The winners for the 2012 Bulwer-Lytton Fiction Contest have been announced, giving us this year’s best worst writing. The winner this year was Cathy Bryant of Manchester, England, who came up with this beautiful dud:
As he told her that he loved her she gazed into his eyes, wondering, as she noted the infestation of eyelash mites, the tiny deodicids burrowing into his follicles to eat the greasy sebum therein, each female laying up to 25 eggs in a single follicle, causing inflammation, whether the eyes are truly the windows of the soul; and, if so, his soul needed regrouting.
The annual contest awards the writers who can conceive of the very worst opening sentences imaginable. Started in 1982 at San Jose State University, the Bulwer-Lytton awards are a nod to the novelist and playwright Edward George Bulwer-Lytton, whose “It was a dark and stormy night” begins with the following:
“It was a dark and stormy night; the rain fell in torrents, except at occasional intervals, when it was checked by a violent gust of wind which swept up the streets (for it is in London that our scene lies), rattling along the housetops, and fiercely agitating the scanty flame of the lamps that struggled against the darkness.”
Here are some other winners from this year’s awards.

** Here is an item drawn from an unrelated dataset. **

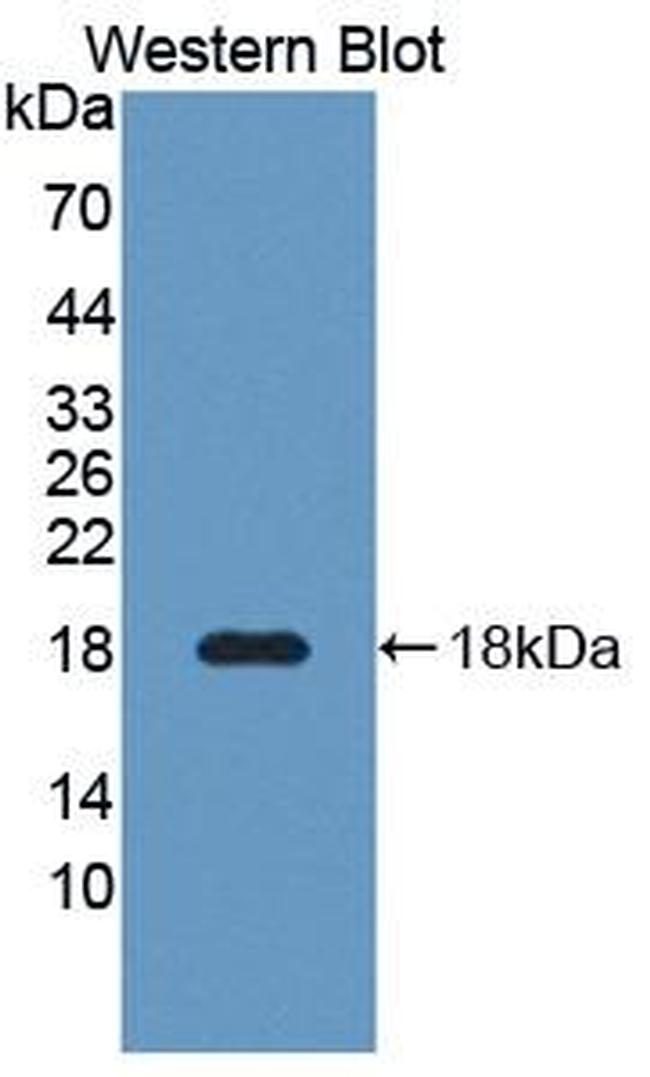 CREG1 Antibody in Western Blot (WB)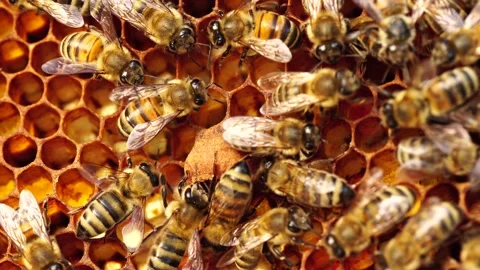 Queen cells along the edges of the combs, Swarm Cells. Swarming Stock Footage 153889483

Click here for the full list of awfulness.
She slinked through my door wearing a dress that looked like it had been painted on … not with good paint, like Behr or Sherwin-Williams, but with that watered-down stuff that bubbles up right away if you don’t prime the surface before you slap it on, and – just like that cheap paint – the dress needed two more coats to cover her. — Sue Fondrie, Appleton, WI
They still talk about that fateful afternoon in Abilene, when Dancing Dan DuPre moonwalked through the doors of Fat Suzy’s saloon, made a passable reverse-turn, pirouetted twice followed by a double box-step, somersaulted onto the bar, drew his twin silver-plated Colt-45s and put twelve bullets through the eyes of the McLuskey sextuplets, on account of them varmints burning down his ranch and lynching his prize steer. — Ted Downes, Cardiff, U.K.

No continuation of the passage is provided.